Write out, unaltered, each line from the top of the records below down to the line where "Rocketek For iMac" appears, that line included.

Collected data:
══════

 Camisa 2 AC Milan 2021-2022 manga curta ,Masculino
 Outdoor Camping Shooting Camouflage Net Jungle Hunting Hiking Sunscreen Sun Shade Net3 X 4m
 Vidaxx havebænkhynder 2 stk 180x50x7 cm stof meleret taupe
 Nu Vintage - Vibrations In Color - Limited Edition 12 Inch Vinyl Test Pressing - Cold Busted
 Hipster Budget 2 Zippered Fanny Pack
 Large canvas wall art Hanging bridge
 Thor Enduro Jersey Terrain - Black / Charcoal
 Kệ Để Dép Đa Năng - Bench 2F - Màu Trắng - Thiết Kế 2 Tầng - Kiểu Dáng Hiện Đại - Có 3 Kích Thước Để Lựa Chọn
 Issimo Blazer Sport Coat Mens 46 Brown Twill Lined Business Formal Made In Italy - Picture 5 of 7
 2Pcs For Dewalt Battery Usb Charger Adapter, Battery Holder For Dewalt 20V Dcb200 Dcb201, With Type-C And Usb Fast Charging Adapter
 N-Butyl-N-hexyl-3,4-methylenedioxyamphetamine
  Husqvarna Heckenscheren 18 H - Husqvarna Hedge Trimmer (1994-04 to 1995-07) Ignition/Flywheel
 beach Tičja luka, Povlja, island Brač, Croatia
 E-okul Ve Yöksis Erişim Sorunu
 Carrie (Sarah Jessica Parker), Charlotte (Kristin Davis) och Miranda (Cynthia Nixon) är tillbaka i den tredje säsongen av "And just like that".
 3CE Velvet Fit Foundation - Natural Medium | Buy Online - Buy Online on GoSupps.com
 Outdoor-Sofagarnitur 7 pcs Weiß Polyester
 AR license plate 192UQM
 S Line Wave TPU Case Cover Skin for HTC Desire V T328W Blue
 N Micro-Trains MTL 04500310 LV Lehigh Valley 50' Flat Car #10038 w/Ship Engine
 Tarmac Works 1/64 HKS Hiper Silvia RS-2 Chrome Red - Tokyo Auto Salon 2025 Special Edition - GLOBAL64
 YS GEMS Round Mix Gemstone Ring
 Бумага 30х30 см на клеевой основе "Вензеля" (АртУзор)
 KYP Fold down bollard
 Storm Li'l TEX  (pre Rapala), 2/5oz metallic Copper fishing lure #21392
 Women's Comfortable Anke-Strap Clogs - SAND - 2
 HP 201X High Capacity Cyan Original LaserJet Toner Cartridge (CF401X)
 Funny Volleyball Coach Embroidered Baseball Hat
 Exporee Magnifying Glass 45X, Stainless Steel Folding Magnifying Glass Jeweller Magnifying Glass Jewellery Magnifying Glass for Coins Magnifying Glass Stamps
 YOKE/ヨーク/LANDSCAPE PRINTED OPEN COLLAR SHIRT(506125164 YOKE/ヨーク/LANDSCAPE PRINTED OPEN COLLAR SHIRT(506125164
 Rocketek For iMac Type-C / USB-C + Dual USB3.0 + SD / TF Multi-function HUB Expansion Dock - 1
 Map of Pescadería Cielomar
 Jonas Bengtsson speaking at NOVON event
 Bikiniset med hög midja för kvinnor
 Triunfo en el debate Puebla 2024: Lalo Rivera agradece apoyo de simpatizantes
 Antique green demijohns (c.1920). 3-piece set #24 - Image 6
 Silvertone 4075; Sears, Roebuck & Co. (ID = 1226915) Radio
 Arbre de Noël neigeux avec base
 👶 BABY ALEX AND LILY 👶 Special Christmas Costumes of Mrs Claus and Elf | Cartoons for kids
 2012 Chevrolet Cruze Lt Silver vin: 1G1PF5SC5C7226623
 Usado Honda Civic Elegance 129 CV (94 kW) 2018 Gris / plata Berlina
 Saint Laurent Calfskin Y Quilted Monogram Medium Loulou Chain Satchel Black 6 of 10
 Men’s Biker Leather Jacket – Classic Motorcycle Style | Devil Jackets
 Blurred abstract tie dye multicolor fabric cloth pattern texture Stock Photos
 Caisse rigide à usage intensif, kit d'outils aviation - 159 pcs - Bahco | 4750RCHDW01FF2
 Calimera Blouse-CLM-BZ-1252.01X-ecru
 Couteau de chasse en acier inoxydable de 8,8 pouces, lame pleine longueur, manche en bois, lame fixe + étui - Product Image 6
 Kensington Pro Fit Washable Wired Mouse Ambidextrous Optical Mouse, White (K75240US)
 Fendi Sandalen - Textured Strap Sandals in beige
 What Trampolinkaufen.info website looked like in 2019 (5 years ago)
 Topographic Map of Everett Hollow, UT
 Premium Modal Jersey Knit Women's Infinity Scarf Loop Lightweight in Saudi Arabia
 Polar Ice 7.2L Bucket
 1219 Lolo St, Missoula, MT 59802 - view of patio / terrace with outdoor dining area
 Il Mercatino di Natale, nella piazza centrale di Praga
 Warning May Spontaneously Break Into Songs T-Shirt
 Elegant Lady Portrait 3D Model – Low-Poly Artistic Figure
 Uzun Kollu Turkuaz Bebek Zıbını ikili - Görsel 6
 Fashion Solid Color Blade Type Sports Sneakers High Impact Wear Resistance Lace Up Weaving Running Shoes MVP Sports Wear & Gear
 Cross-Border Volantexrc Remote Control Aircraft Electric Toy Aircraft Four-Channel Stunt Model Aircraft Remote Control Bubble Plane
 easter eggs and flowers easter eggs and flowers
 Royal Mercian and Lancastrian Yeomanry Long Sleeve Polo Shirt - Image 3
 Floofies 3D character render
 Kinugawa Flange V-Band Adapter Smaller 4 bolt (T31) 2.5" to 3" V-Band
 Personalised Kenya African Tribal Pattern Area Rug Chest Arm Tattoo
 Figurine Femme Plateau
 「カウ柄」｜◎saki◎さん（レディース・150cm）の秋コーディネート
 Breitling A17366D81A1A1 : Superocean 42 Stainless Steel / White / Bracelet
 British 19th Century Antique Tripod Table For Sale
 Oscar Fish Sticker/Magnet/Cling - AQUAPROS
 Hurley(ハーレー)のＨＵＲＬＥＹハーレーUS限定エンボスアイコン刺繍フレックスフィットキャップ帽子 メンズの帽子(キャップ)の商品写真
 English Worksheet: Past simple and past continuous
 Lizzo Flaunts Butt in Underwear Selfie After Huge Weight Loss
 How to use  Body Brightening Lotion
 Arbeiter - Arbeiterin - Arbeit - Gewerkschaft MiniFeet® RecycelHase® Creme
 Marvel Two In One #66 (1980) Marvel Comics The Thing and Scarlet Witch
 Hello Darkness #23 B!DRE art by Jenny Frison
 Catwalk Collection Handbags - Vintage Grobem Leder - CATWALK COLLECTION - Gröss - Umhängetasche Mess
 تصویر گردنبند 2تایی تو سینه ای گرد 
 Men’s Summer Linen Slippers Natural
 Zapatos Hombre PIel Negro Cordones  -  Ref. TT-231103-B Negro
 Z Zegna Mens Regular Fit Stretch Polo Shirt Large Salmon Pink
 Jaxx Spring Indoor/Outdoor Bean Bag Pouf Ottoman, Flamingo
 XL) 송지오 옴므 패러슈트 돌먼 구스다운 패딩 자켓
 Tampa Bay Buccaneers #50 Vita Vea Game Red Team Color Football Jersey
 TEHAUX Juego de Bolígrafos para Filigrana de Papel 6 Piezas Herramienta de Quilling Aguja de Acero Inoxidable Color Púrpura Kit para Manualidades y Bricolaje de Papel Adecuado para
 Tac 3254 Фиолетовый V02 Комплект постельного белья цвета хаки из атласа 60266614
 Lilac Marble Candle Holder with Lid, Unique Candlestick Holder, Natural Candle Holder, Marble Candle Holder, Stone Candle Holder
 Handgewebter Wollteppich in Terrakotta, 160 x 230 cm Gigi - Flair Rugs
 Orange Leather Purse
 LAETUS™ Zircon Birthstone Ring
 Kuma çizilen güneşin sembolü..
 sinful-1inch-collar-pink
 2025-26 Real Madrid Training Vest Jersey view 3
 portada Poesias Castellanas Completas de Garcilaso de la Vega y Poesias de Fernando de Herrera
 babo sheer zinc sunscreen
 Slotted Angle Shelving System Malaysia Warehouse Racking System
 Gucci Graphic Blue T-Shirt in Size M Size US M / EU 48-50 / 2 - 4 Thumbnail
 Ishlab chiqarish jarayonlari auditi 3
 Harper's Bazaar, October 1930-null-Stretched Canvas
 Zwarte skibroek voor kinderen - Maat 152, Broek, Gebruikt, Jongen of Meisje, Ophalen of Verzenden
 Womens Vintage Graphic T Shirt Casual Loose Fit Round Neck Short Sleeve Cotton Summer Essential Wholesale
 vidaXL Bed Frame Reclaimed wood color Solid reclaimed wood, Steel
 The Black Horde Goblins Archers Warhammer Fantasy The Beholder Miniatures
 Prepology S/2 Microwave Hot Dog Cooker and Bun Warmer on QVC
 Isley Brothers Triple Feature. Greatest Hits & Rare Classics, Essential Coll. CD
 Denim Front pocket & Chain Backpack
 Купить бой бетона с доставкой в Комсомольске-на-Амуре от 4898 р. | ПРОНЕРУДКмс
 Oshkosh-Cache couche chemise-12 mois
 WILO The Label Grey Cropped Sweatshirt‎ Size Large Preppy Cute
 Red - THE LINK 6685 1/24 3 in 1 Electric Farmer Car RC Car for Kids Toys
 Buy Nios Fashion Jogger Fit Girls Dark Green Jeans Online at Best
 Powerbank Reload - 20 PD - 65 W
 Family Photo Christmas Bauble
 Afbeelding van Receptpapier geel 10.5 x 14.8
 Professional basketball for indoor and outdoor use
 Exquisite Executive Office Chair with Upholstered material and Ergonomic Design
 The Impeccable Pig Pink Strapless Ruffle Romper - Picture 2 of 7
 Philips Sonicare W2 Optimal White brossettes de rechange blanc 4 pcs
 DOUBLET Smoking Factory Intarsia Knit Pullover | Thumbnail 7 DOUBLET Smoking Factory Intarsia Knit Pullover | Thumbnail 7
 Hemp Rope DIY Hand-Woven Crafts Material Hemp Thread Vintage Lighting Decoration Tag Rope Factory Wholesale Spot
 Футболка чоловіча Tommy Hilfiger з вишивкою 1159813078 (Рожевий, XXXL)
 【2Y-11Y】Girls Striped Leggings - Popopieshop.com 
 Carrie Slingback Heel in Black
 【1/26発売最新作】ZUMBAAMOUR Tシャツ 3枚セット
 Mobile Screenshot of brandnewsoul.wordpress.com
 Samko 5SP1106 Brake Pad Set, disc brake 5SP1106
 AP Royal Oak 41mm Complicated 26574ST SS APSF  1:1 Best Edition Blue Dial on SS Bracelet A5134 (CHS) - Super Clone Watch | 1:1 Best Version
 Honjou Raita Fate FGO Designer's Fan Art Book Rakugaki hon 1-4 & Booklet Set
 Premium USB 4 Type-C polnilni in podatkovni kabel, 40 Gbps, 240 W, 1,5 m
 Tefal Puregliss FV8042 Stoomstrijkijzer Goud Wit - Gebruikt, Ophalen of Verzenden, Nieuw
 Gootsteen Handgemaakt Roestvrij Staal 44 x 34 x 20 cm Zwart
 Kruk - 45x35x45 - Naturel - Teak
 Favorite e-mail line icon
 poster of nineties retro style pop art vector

══════

> **THE ANSWER**:
 Camisa 2 AC Milan 2021-2022 manga curta ,Masculino
 Outdoor Camping Shooting Camouflage Net Jungle Hunting Hiking Sunscreen Sun Shade Net3 X 4m
 Vidaxx havebænkhynder 2 stk 180x50x7 cm stof meleret taupe
 Nu Vintage - Vibrations In Color - Limited Edition 12 Inch Vinyl Test Pressing - Cold Busted
 Hipster Budget 2 Zippered Fanny Pack
 Large canvas wall art Hanging bridge
 Thor Enduro Jersey Terrain - Black / Charcoal
 Kệ Để Dép Đa Năng - Bench 2F - Màu Trắng - Thiết Kế 2 Tầng - Kiểu Dáng Hiện Đại - Có 3 Kích Thước Để Lựa Chọn
 Issimo Blazer Sport Coat Mens 46 Brown Twill Lined Business Formal Made In Italy - Picture 5 of 7
 2Pcs For Dewalt Battery Usb Charger Adapter, Battery Holder For Dewalt 20V Dcb200 Dcb201, With Type-C And Usb Fast Charging Adapter
 N-Butyl-N-hexyl-3,4-methylenedioxyamphetamine
  Husqvarna Heckenscheren 18 H - Husqvarna Hedge Trimmer (1994-04 to 1995-07) Ignition/Flywheel
 beach Tičja luka, Povlja, island Brač, Croatia
 E-okul Ve Yöksis Erişim Sorunu
 Carrie (Sarah Jessica Parker), Charlotte (Kristin Davis) och Miranda (Cynthia Nixon) är tillbaka i den tredje säsongen av "And just like that".
 3CE Velvet Fit Foundation - Natural Medium | Buy Online - Buy Online on GoSupps.com
 Outdoor-Sofagarnitur 7 pcs Weiß Polyester
 AR license plate 192UQM
 S Line Wave TPU Case Cover Skin for HTC Desire V T328W Blue
 N Micro-Trains MTL 04500310 LV Lehigh Valley 50' Flat Car #10038 w/Ship Engine
 Tarmac Works 1/64 HKS Hiper Silvia RS-2 Chrome Red - Tokyo Auto Salon 2025 Special Edition - GLOBAL64
 YS GEMS Round Mix Gemstone Ring
 Бумага 30х30 см на клеевой основе "Вензеля" (АртУзор)
 KYP Fold down bollard
 Storm Li'l TEX  (pre Rapala), 2/5oz metallic Copper fishing lure #21392
 Women's Comfortable Anke-Strap Clogs - SAND - 2
 HP 201X High Capacity Cyan Original LaserJet Toner Cartridge (CF401X)
 Funny Volleyball Coach Embroidered Baseball Hat
 Exporee Magnifying Glass 45X, Stainless Steel Folding Magnifying Glass Jeweller Magnifying Glass Jewellery Magnifying Glass for Coins Magnifying Glass Stamps
 YOKE/ヨーク/LANDSCAPE PRINTED OPEN COLLAR SHIRT(506125164 YOKE/ヨーク/LANDSCAPE PRINTED OPEN COLLAR SHIRT(506125164
 Rocketek For iMac Type-C / USB-C + Dual USB3.0 + SD / TF Multi-function HUB Expansion Dock - 1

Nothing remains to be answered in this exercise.